What is wanted is an exact copy of the lines from the top of the listing through the line containing "Peugeot 208 PureTech 73kW (100CV) GT 27".
** Opening Data to process block **
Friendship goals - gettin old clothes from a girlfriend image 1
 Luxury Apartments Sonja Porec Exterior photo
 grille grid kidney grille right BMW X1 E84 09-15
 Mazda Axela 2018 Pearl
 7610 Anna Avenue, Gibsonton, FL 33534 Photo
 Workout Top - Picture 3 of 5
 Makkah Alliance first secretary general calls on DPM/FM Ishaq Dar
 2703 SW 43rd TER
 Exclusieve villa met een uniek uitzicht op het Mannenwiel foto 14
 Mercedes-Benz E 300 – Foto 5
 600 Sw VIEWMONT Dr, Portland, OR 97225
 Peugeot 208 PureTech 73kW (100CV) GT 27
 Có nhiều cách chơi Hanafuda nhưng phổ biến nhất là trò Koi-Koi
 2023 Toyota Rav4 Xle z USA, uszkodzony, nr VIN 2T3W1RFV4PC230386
** Closing Data to process block **
* Result of this exercise
Friendship goals - gettin old clothes from a girlfriend image 1
 Luxury Apartments Sonja Porec Exterior photo
 grille grid kidney grille right BMW X1 E84 09-15
 Mazda Axela 2018 Pearl
 7610 Anna Avenue, Gibsonton, FL 33534 Photo
 Workout Top - Picture 3 of 5
 Makkah Alliance first secretary general calls on DPM/FM Ishaq Dar
 2703 SW 43rd TER
 Exclusieve villa met een uniek uitzicht op het Mannenwiel foto 14
 Mercedes-Benz E 300 – Foto 5
 600 Sw VIEWMONT Dr, Portland, OR 97225
 Peugeot 208 PureTech 73kW (100CV) GT 27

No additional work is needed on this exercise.